Publicado no jornal O POVO, dia 5 de Março de 2006
Em meio a tanta turbulência, há um fato auspicioso em nosso contexto histórico por significar uma conquista importante no percurso em direção a uma sociedade que tenha na justiça social o eixo articulador da construção da vida coletiva.No entanto, este fato foi muito pouco considerado pela opinião pública que agora está quase totalmente mergulhada na questão da corrupção. Trata-se de uma surpresa agradável, inclusive porque não expressamente tratado como meta do governo em seu plano apresentado à sociedade em 2002. A importância do que está em curso consiste no enfrentamento de uma problemática fundamental para que o Brasil se possa consolidar verdadeiramente como um estado democrático de direito: a reforma do judiciário que, afinal depois de mais de uma década de discussão, começou a efetivar-se.Talvez muitos se deram conta de alguma coisa através da questão mais falada nos meios de comunicação que é a do nepotismo hoje rejeitado por nossa sociedade por se ter tomado consciência de que ele é portador de uma desigualdade intrínseca no serviço público. É consenso de que este para poder cumprir sua função tem que ser profissional, impessoal, com ingresso por mérito. No entanto, na realidade, a reforma em curso é muito mais do que isto e é importante que a situemos no contexto mais amplo da rearticulação dos fundamentos éticos das instituições básicas de nossa sociedade.
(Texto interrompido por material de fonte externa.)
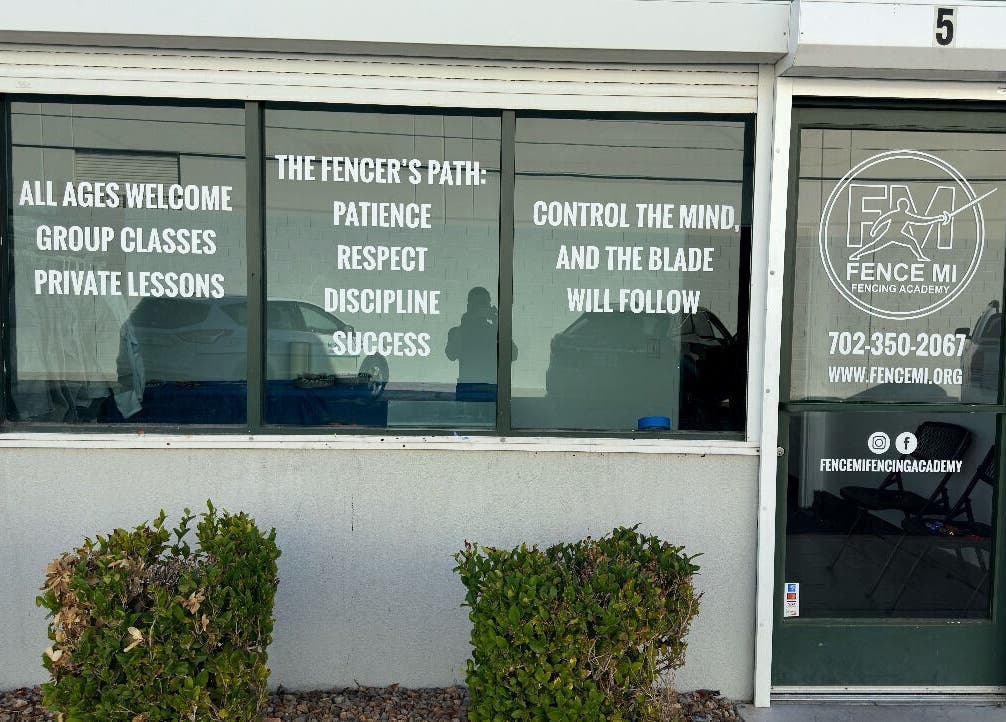 Entrance of Fence MI Fencing Academy in Las Vegas, Nevada, US with welcome and class information.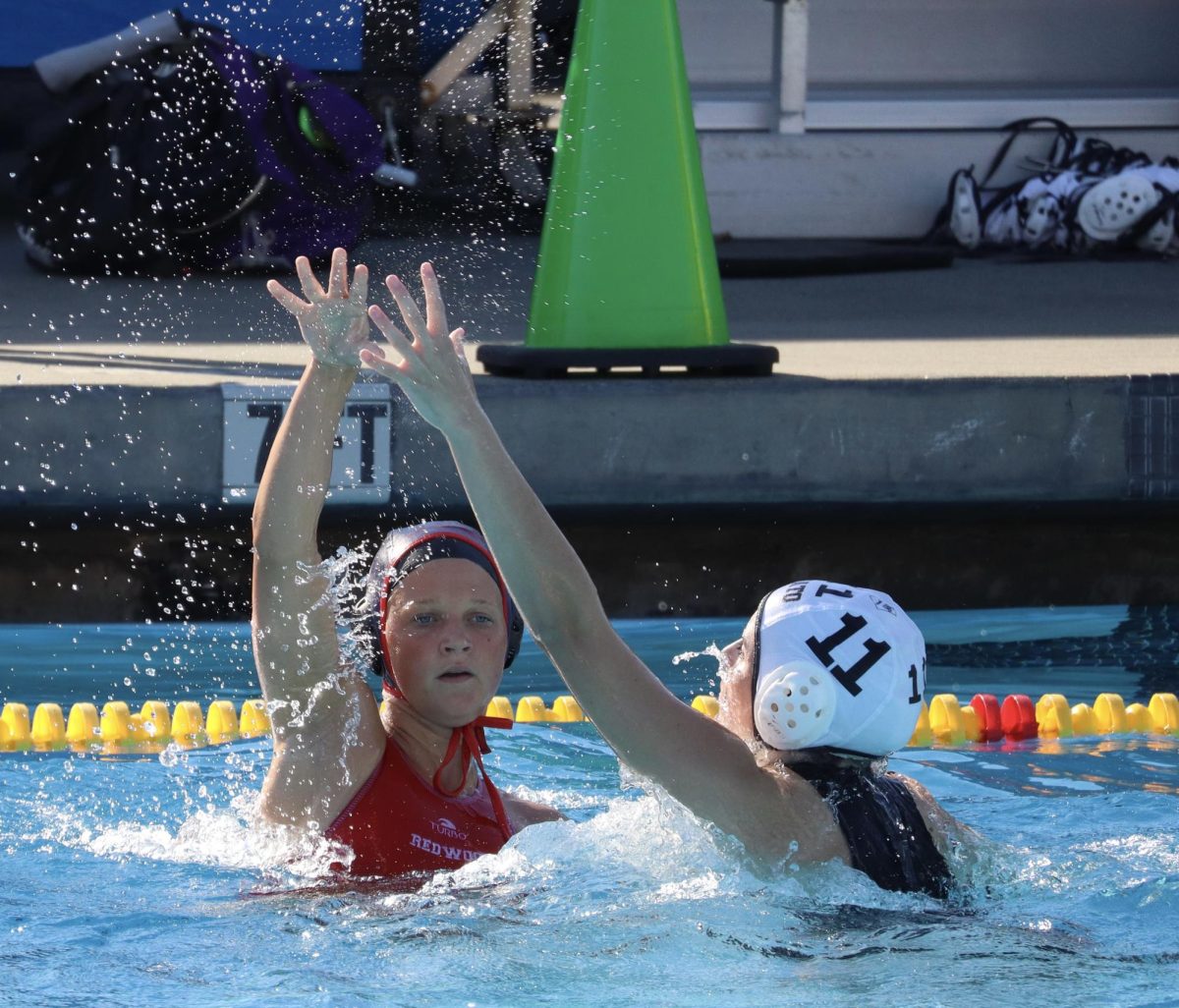 Sophomore Lily Kilgore throws a pass over the opponents head.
Que está em jogo? Na realidade se trata da reforma de uma das funções essenciais do Estado, uma instituição de enorme significação na vida de nossas sociedades. O Estado pode ser considerado tanto do ponto de vista empírico a respeito de sua configuração histórica numa determinada sociedade, como do ponto de vista normativo, ou seja, a respeito do papel que deve exercer da construção da vida comum dos seres humanos. Nesta última perspectiva, ele emerge como um centro de ação permanente, diferenciado do ponto de vista institucional e pessoal, cuja tarefa básica é regular e administrar as relações entre os seres humanos que se devem reconhecer efetivamente como seres livres. Sendo assim, sua função essencial é o reconhecimento universal dos seres humanos como sujeitos portadores de direitos. Portanto, é uma instituição que está a serviço da efetivação dos direitos humanos que são aqueles valores indispensáveis para o desenvolvimento do ser humano em suas diferentes dimensões e que lhe competem em virtude de sua dignidade específica. Os direitos humanos constituem o conteúdo daquilo que os juristas denominam direitos fundamentais que constituem as normas básicas do direito positivo enquanto positivação das normas que tornam efetiva a liberdade do ser humano. Por isto, o direito não é algo secundário na vida humana, pois o que em última instância está em jogo aqui é a efetivação da dignidade da pessoa no contexto social específico em que ela está inserida.
A sociedade não pode ficar indiferente ao que está acontecendo, pois está em jogo a reformulação estrutural de uma das funções essenciais do Estado e com isto das chances abertas ou não para avançarmos na direção da construção de uma sociedade verdadeiramente alternativa. Aqui creio, está uma das tarefas básicas dos meios de comunicação, dos movimentos sociais, das escolas etc. no momento presente: descobrir e implementar diferentes estratégias para que nossa população possa tomar conhecimento das mudanças básicas em nosso judiciário agora em discussão e votação no parlamento.